The Tax Haven That's Saving Google Billions - bishnu
http://www.businessweek.com/magazine/content/10_44/b4201043146825.htm

======
camz
I wrote an article on this transaction that I had posted to the HN community
that breaks down a number of the points and explains how it works.

<http://cameronkeng.com/hn-how-do-i-pull-a-google/>

A few things you should consider about international taxation is that it's
complicated and only works because they have the infrastructure to sustain it.

 __Disclaimer, I'm not saying what they're doing is right or wrong, but simply
placing it into context __

1\. Individuals have a hard time using international tax law similarly because
of CFC rules (closely-held foreign corps). If anyone owns more than 10% of a
foreign company they must include or report the income as part of their
current earnings.

2\. The effective tax rate is only "2.something percent" of income the income
google earned outside the US.

3\. To have an APA (Advanced Pricing Agreement) with the IRS is incredibly
expensive and time consuming because it's like getting audited in advance and
then justifying it before you ever do anything.

4\. You need to pay at a minimum a big 4 accounting firm 10 million to start a
project of this complexity over a number of countries.

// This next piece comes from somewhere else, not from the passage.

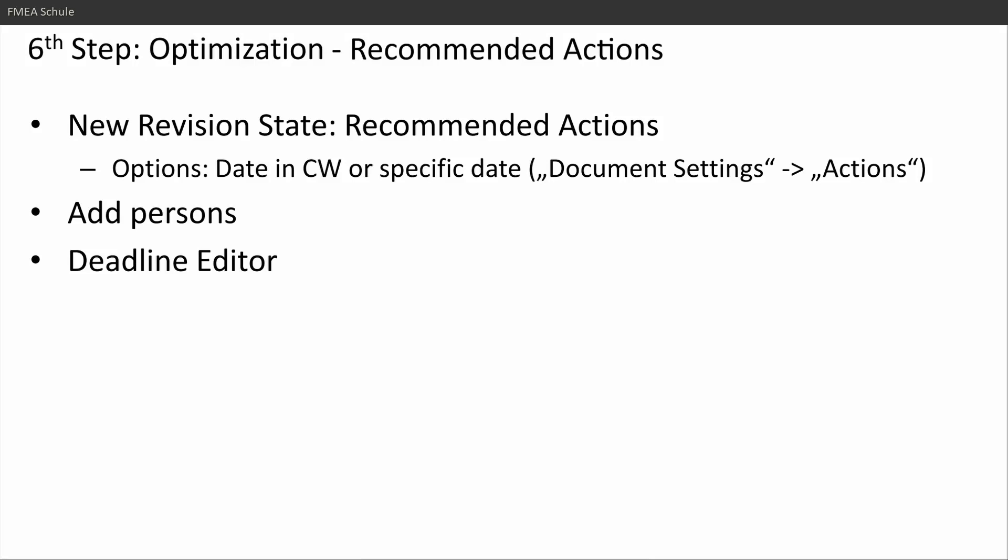So the recommended actions, persons, and deadline editor are the important steps for the optimization in APIS.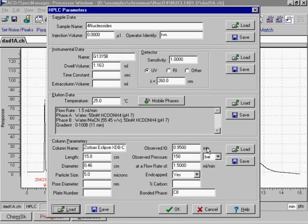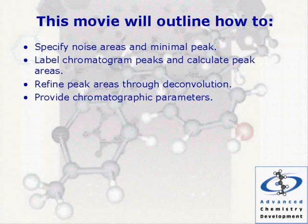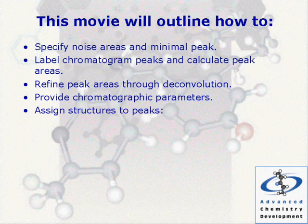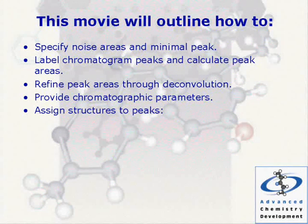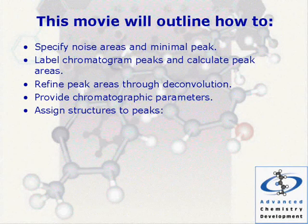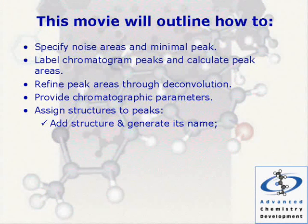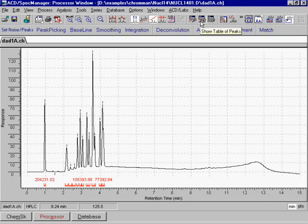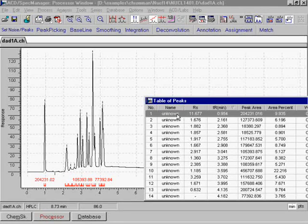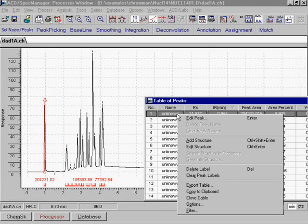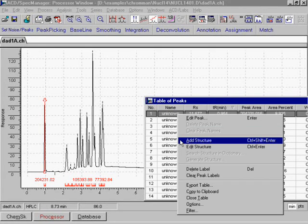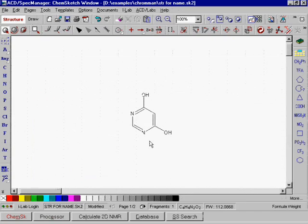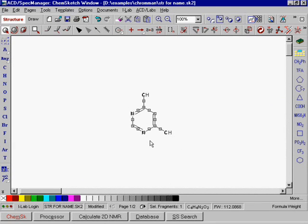Now we will show how to attach chemical structures of the compounds to the corresponding peaks. This can be done in several ways. Add structure and generate its name. Using the table of peaks, we link a structure drawn from the ACD ChemSketch window to a peak on the chromatogram. Furthermore, through the table of structures, we generate its index name.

5\. The dutch companies are simply a "conduit" to allow the money to
ultimately reach the Caribbean island tax havens because they have no income
tax and simply charge a flat tax of 15k.

6\. On cperciva's note, this tax plan could be considered "post-poning income
recognition" but in reality it effectively is never repatriated or brought
back into the country because google is such a multinational company. They
could use the money for their international business very easily or they could
use their foreign cash reserves to purchase an asset in a foreign country and
still retain the ownership by the US main company.

I could go on for a while but this is just a the tip of the iceberg.

I've practice this area of taxation before as a CPA so I could give you a
number of other examples.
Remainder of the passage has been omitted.